A Word About Password-file

This feature is the only way to hide passwords from command lines while being able to execute the asadmin commands non-interactively. The idea is you store the passwords in clear in a particular syntax in a file and undertake the security of this file. The asadmin client can read the passwords from there in a defined manner and that way neither do you have to specify the passwords on command lines nor do you get prompted for the same.

Requirement of 6264937 -- Using Aliased Password in Password-file

Since we had all the underpinnings ready, here is what was decided:

  • Use the domain-passwords store from domain's configuration to store the actual password encrypted and password-file as a store for the alias only.

Thus, in the case of server, domain.xml contains the alias and domain-passwords contains the real passwords (encrypted, of course) and in case of asadmin, the password-file contains the aliases in the same special syntax and domain-passwords contains the real passwords. Since the domain-passwords store contains the real passwords, both server and client sides must have access to this store. The server will always have this access, but the local commands also need to have access to this store. (This is not implicit, but needs to be an informed decision).
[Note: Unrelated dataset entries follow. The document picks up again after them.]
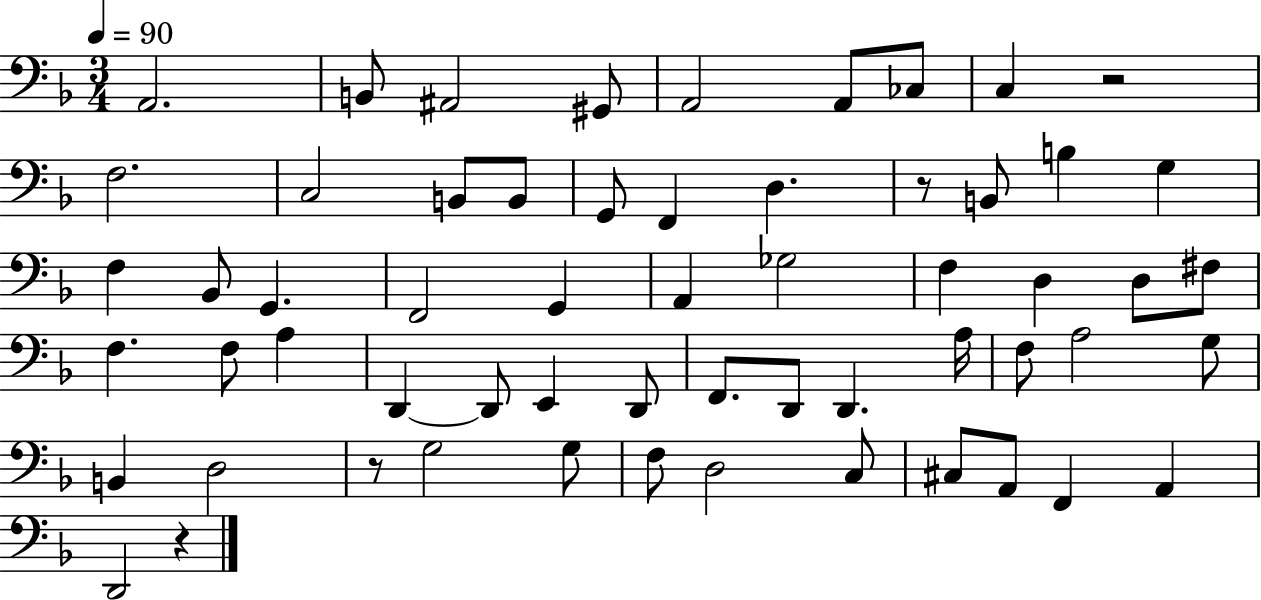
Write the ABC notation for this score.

X:1
T:Untitled
M:3/4
L:1/4
K:F
A,,2 B,,/2 ^A,,2 ^G,,/2 A,,2 A,,/2 _C,/2 C, z2 F,2 C,2 B,,/2 B,,/2 G,,/2 F,, D, z/2 B,,/2 B, G, F, _B,,/2 G,, F,,2 G,, A,, _G,2 F, D, D,/2 ^F,/2 F, F,/2 A, D,, D,,/2 E,, D,,/2 F,,/2 D,,/2 D,, A,/4 F,/2 A,2 G,/2 B,, D,2 z/2 G,2 G,/2 F,/2 D,2 C,/2 ^C,/2 A,,/2 F,, A,, D,,2 z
It is important to note that this works for asadmin start-domain and asadmin start-node-agent only:

  • The --passwordfile option is a replacement for --password. This means all the commands where --password is/was applicable, --passwordfile is a preferred substitute. Remote commands don't know where domain configuration (and the domain-passwords store) is and hence, they can not make use of the aliasing facility (unlike the server). This facility however will work for unattended boots.

Current State (as of June 1, 2006) of this bug fix:

  • Fix integrated into 8.1EE-patch 09 by Sharan.
  • Fix integrated into 9.0 by PDE.
  • Fix NOT integrated into 8.2EE (will soon happen).

Procedure for Unattended Boots

Domain

This is explained at: http://docs.sun.com/app/docs/doc/819-2641/6n4trr8s5?a=view for App server 8.1 and is correct. Note that here, you can specify the admin password as:

AS_ADMIN_PASSWORD=${ALIAS=admin-password}

and then create an alias admin-password in the domain. What is missing is mentioning that this is limited to the startup of the domain only.

Node Agent

For node-agent to have this working, it is important that the node-agent has synchronized with the Domain once after the aliased are created using asadmin create-alias command. This is because the domain-passwords store described above is available only at the the domain initially, until it gets synchronized at the node-agent location.